To do: Leave out the pictures and retype exactly the lines from the one with "Diržas KYOTO JAPAN 51-22-1930 LA" through the end of the records.
Input data START
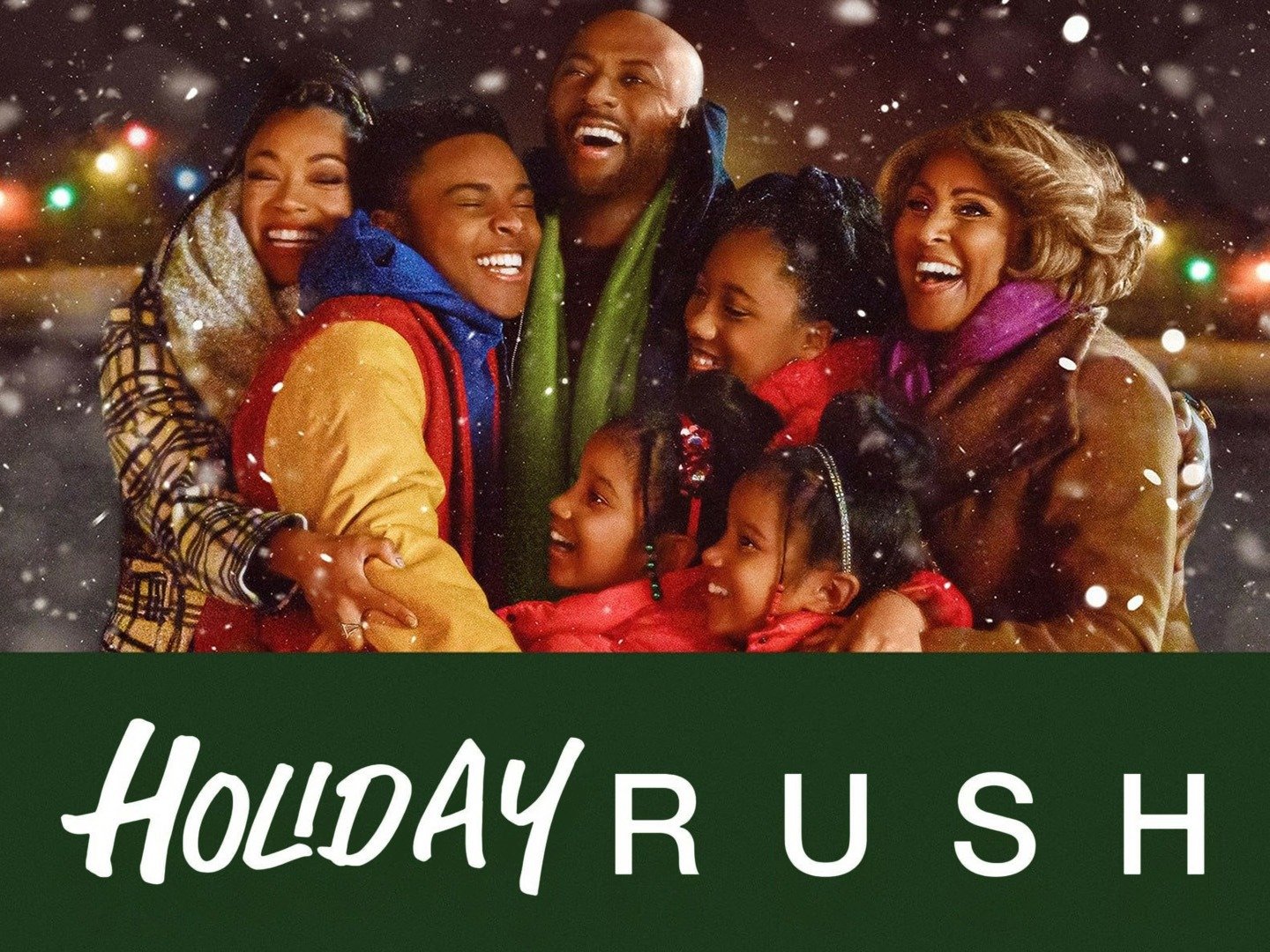 Holiday Rush - Rotten Tomatoes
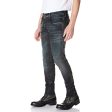 Anbass Slim Jeans Hot on Sale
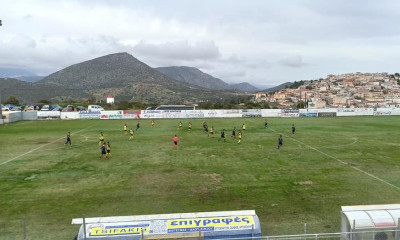 Γ’ Εθνική: Τα τελικά αποτελέσματα των αγώνων της Τετάρτης (16/2)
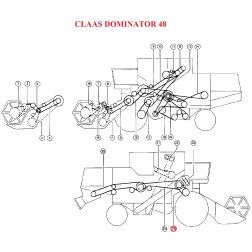 Diržas KYOTO JAPAN 51-22-1930 LA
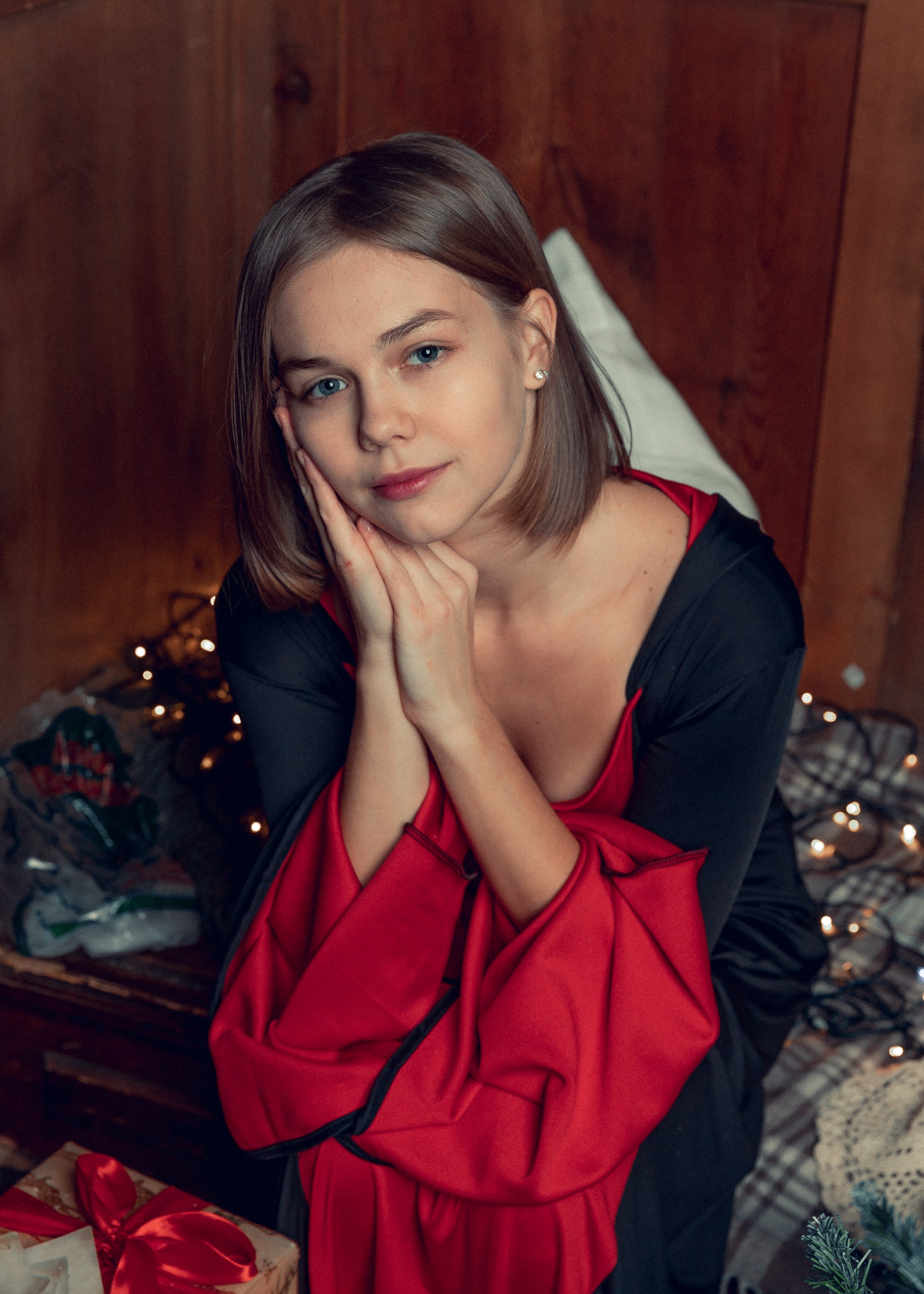 Альбина. Портретный и семейный фотограф в Москве Ирина Голубчина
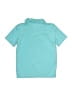 Vineyard Vines Performance Teal Short Sleeve Polo Size 7 - photo 2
Input data END
Solution for this task:
 Diržas KYOTO JAPAN 51-22-1930 LA
 Альбина. Портретный и семейный фотограф в Москве Ирина Голубчина
 Vineyard Vines Performance Teal Short Sleeve Polo Size 7 - photo 2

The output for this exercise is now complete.